**Action item**
Only the lines below between the ones containing "怎么画工笔画蝴蝶_超详细的蝴蝶工笔画步骤工笔画教程_第1页" and "Starfish Point Tour in Grand Cayman", inclusive, are to be reproduced, each exactly as it stands.

(Data records)
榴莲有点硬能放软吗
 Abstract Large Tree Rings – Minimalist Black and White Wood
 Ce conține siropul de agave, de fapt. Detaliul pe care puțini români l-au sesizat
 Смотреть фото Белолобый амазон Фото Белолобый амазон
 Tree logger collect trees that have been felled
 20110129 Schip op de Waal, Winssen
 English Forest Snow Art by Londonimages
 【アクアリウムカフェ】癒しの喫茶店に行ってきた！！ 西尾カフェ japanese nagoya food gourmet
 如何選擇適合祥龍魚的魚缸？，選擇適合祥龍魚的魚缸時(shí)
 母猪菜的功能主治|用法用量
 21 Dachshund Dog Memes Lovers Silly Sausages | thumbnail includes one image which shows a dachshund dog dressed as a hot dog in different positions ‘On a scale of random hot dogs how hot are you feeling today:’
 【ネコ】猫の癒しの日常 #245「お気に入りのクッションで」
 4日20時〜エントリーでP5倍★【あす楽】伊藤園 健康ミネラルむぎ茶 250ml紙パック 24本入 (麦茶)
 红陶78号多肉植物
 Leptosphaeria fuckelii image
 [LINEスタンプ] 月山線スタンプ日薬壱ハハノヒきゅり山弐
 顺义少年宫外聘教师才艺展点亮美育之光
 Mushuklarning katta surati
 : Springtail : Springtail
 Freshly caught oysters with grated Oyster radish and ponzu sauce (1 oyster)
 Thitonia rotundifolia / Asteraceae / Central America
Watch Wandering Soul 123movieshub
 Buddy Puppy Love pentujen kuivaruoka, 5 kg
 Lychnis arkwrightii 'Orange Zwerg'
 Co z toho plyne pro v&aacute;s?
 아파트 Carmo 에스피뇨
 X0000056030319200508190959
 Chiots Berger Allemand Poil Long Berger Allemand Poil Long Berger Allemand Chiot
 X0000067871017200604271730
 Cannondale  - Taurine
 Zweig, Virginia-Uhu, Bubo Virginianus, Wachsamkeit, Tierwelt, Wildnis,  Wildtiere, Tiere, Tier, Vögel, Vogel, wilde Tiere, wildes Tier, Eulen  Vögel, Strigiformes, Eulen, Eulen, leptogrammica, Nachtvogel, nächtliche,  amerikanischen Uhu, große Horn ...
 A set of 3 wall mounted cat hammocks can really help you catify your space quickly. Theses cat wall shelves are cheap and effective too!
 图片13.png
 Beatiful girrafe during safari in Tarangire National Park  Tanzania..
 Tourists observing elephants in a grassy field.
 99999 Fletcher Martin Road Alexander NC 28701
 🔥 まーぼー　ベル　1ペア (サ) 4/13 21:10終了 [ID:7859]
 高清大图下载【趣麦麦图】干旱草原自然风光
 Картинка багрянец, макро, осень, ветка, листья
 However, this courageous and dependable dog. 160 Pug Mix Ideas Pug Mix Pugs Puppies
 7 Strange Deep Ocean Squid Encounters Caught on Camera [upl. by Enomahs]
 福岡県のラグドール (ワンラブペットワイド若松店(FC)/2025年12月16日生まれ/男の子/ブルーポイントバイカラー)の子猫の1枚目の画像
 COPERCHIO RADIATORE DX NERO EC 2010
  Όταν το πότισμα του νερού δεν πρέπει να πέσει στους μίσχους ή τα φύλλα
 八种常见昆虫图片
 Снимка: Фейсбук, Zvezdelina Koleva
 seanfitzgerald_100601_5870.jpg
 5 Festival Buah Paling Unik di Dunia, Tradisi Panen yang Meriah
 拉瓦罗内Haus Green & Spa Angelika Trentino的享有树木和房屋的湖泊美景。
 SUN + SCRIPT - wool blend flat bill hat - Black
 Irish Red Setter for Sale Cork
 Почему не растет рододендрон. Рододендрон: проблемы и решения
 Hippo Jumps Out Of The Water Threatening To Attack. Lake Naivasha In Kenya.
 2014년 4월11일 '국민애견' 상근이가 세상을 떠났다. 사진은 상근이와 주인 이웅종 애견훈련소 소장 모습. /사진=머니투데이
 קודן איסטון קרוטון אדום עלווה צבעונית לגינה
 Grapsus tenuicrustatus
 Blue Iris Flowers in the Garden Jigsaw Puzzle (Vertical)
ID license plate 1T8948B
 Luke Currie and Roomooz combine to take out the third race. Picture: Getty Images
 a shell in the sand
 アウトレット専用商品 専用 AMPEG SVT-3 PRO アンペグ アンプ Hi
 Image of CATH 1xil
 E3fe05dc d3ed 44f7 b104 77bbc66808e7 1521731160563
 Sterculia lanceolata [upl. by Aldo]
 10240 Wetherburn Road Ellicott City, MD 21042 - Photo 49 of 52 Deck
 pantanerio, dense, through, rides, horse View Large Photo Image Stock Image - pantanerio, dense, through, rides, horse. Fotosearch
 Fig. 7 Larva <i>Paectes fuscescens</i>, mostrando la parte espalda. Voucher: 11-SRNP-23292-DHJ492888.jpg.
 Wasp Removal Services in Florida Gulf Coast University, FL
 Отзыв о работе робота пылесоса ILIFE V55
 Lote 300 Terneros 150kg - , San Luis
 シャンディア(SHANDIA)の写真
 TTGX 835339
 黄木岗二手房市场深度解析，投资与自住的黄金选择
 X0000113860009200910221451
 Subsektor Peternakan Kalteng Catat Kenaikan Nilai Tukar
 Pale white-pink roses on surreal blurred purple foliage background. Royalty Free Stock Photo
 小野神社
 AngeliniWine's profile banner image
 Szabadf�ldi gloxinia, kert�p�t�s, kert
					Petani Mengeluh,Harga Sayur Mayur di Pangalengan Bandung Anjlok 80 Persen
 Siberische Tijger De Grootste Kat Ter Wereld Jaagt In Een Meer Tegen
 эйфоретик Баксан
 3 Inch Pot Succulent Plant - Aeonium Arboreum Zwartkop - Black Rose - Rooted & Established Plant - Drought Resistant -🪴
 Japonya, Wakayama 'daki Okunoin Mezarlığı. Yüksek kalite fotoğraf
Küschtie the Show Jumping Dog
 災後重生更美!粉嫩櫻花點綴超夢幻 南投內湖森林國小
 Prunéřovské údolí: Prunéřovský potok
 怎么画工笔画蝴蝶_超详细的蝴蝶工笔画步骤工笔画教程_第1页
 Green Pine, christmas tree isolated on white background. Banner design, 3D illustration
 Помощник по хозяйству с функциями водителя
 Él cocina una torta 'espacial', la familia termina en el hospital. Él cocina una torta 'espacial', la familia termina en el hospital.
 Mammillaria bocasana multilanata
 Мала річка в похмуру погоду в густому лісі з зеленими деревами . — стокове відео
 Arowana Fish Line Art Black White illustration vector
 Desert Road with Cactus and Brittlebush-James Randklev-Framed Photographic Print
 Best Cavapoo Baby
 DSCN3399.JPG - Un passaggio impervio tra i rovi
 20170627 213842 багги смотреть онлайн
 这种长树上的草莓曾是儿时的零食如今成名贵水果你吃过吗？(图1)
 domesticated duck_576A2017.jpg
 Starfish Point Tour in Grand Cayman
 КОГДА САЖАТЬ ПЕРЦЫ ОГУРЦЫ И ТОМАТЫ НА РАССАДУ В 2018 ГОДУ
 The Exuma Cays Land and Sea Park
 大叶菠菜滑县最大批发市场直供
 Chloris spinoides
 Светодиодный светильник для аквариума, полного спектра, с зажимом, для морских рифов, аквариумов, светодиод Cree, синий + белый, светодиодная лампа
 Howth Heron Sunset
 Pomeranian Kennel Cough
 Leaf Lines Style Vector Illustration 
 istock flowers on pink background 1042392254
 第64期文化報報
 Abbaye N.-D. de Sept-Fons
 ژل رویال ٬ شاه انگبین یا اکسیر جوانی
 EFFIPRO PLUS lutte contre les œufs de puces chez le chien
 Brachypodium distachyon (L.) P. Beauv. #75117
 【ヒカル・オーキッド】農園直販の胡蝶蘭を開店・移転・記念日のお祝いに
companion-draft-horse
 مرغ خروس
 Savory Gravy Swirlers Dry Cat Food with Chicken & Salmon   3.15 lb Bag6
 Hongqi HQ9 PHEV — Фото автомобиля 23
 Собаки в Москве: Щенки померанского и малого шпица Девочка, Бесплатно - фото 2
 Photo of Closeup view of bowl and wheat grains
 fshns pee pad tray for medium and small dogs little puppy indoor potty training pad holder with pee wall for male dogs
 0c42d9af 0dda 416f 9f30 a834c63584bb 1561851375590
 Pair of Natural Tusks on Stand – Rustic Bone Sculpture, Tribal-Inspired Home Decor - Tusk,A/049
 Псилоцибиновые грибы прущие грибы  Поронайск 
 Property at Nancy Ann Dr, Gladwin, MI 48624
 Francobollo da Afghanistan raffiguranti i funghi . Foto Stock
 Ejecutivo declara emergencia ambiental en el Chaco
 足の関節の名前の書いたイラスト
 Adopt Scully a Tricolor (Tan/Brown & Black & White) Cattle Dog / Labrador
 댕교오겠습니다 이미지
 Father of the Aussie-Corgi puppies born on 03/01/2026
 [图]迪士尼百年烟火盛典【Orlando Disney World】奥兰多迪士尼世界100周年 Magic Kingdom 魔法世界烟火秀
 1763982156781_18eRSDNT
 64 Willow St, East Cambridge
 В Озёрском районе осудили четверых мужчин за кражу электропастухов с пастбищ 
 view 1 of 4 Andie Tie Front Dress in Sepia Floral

**Task solution**
 怎么画工笔画蝴蝶_超详细的蝴蝶工笔画步骤工笔画教程_第1页
 Green Pine, christmas tree isolated on white background. Banner design, 3D illustration
 Помощник по хозяйству с функциями водителя
 Él cocina una torta 'espacial', la familia termina en el hospital. Él cocina una torta 'espacial', la familia termina en el hospital.
 Mammillaria bocasana multilanata
 Мала річка в похмуру погоду в густому лісі з зеленими деревами . — стокове відео
 Arowana Fish Line Art Black White illustration vector
 Desert Road with Cactus and Brittlebush-James Randklev-Framed Photographic Print
 Best Cavapoo Baby
 DSCN3399.JPG - Un passaggio impervio tra i rovi
 20170627 213842 багги смотреть онлайн
 这种长树上的草莓曾是儿时的零食如今成名贵水果你吃过吗？(图1)
 domesticated duck_576A2017.jpg
 Starfish Point Tour in Grand Cayman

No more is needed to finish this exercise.